Sometimes we can be tempted to "save up" things that we think we will need in the future. On a practical material level, this is often a prudent decision. On a spiritual level, however, it does not always work the same way. We cannot have a "storehouse" of spiritual graces that we have saved up from another day. If, with the grace of God, we have overcome a tendency to speak unkindly of our neighbor, it does not mean that we will never again be surprised by that same temptation. We cannot rest comfortably upon our "savings account" of graces. We must depend upon the Lord to provide what we need each day.
In today's Gospel, when Our Lord asks the apostles to take nothing with them on the journey, we can think of how we sometimes might like to depend upon our own resources. There are times when this is appropriate, but if we become too confident in our own ability to spread the Gospel, to be faithful Christians, to resist daily temptations, etc., we can forget that it is the Lord who provides our needs. The material dependence that the apostles manifested when they cast out demons and preached the good news of the Kingdom, is a symbol of the spiritual dependence that we should strive maintain in our daily lives. For it is by the grace of God that are able to take even one spiritual step in St. Paul's "good race" that we all strive to run.

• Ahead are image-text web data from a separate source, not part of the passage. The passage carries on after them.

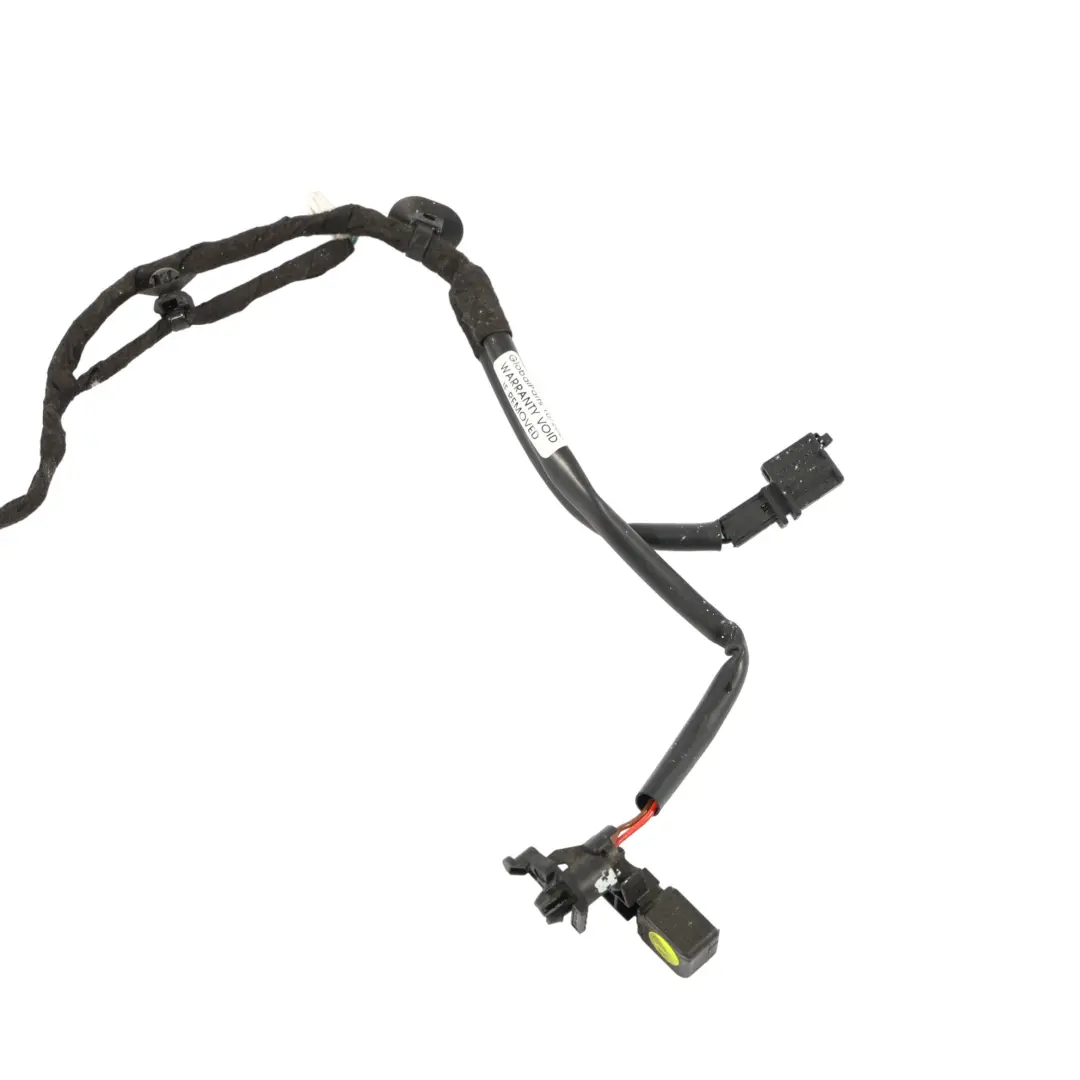 Fahrersitz Kabel Sicherheitsgurt Warnung Kabelbaum für Audi TT FV mit Teilenummer 8S0971365F Audi TT FV Fahrersitz Kabel Sicherheitsgurt Warnung Kabelbaum - SKU 8S0971365F - Teilenummer 8S0971365F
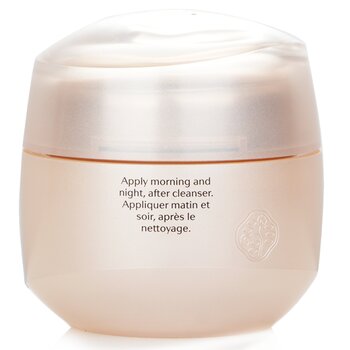 Shiseido - Benefiance Wrinkle Smoothing Cream Enriched Image 2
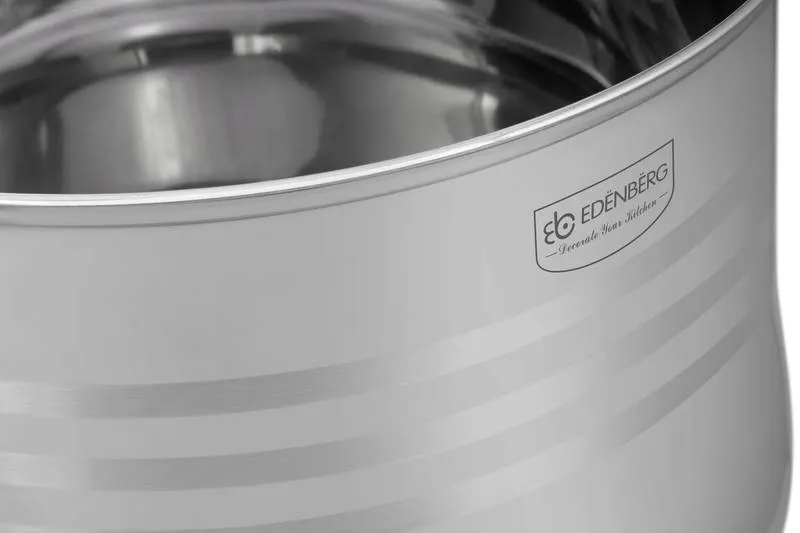 garnek-stalowy-kociolek-z-pokrywka-106-l-26-cm-edenberg-545-indukcja-gaz-pojemnosc-11-l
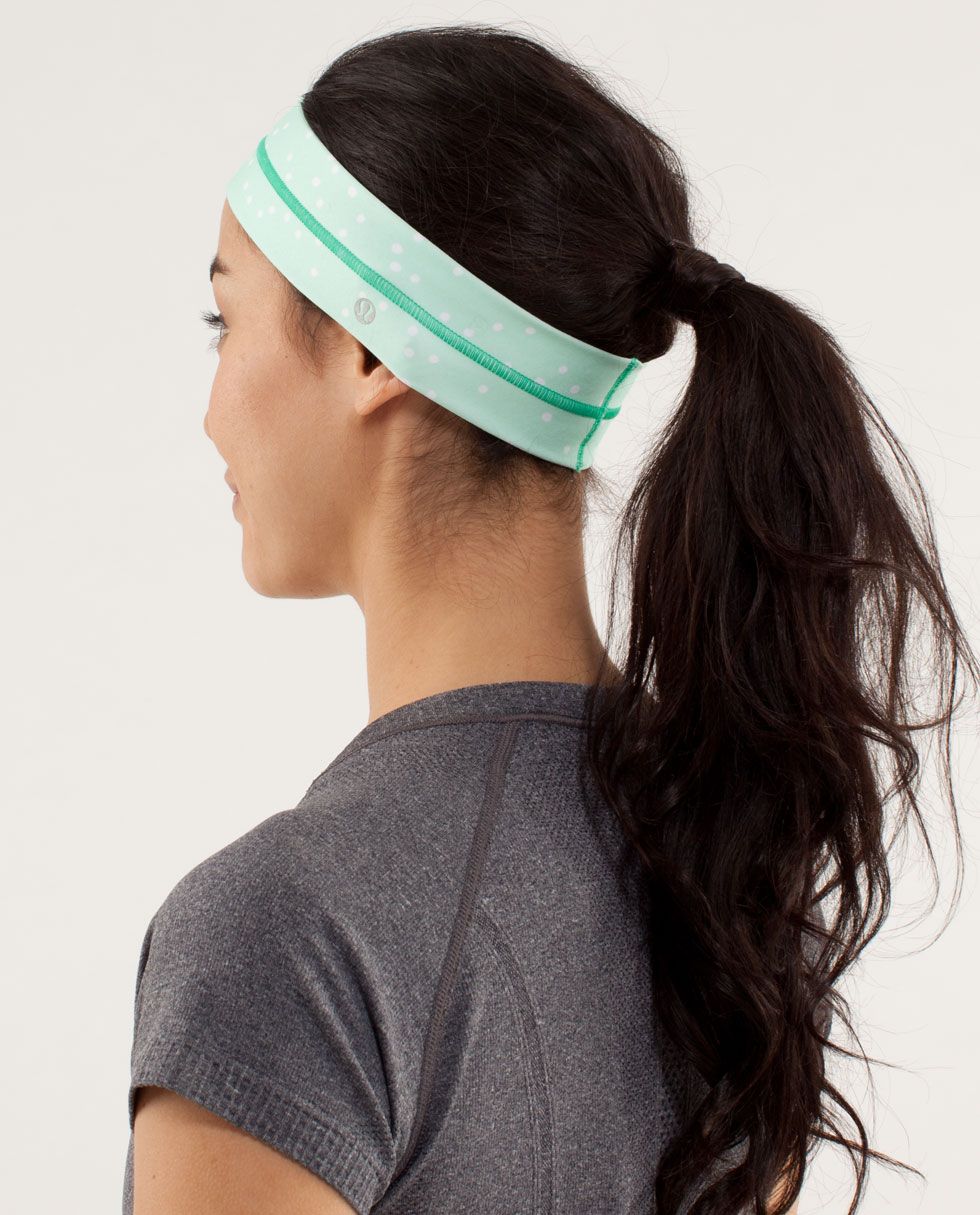Fly Away Tamer Headband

"This kind of favor requires to be offered by way of invitation, persuasion, and solicitation, not violently and forcibly thrust upon a man, and hence it is done by way of desire, not of absolute will. It is the same with regard to the signified will of God: for in this, God desires with a true desire that we should do what he makes known, and to this end he provides us with all things necessary, exhorting and urging us to make use of them."